Splitting up integral when there is an absolute value

Question

For evaluating an integral with an integrand that has an absolute value, will it work if I split up the integral into sections where the integrand equals zero and then take the absolute value of each part? (a specific easy example below)

$\int_0^4|(x-1)(x-3)|dt=\left|\int_0^1(x-1)(x-3)dt \right|+\left|\int_1^3(x-1)(x-3)dt \right|+\left|\int_3^4(x-1)(x-3)dt \right|$

I know that it's normally done where one just takes the integral of the function when it's positive and then takes the negative of the function when it's negative (so that it turns out positive in the end). But I'm wondering if this way above is equivalent to that all the time?

I haven't been able to find an equality of it, apart from maybe the 6th one here: https://en.wikipedia.org/wiki/Integral#Inequalities

Answer 1

Yes, you can do that.

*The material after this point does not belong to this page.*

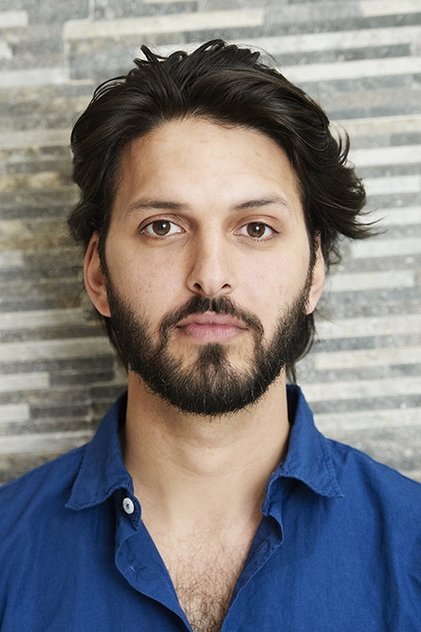Shazad Latif oyuncu görseli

The equality you wrote is fairly easy to prove:

1. Since $$\int_{0}^4f(x)dx = \int_0^1 f(x)dx+\int_1^3 f(x)dx+\int_3^4 f(x)dx$$ is true for any function that is integrable on $[0,4]$, this is also true for $f(x)=|(x-1)(x-3)|$, which means that $$\int_{0}^4|(x-1)(x-3)|dx =\\= \int_0^1 |(x-1)(x-3)|dx+\int_1^3 |(x-1)(x-3)|dx+\int_3^4 |(x-1)(x-3)|dx$$
2. For any function $f$ that is either always non-negative or always non-positive on $[a,b]$, you have $$\int_a^b |f(x)|dx=\left|\int_a^bf(x)dx\right|$$ and if you apply this to all three summands from point 1 (and you can apply it, since the function is entirely non-negative in the first and last summands and entirely negative in the second one), and get the result you need.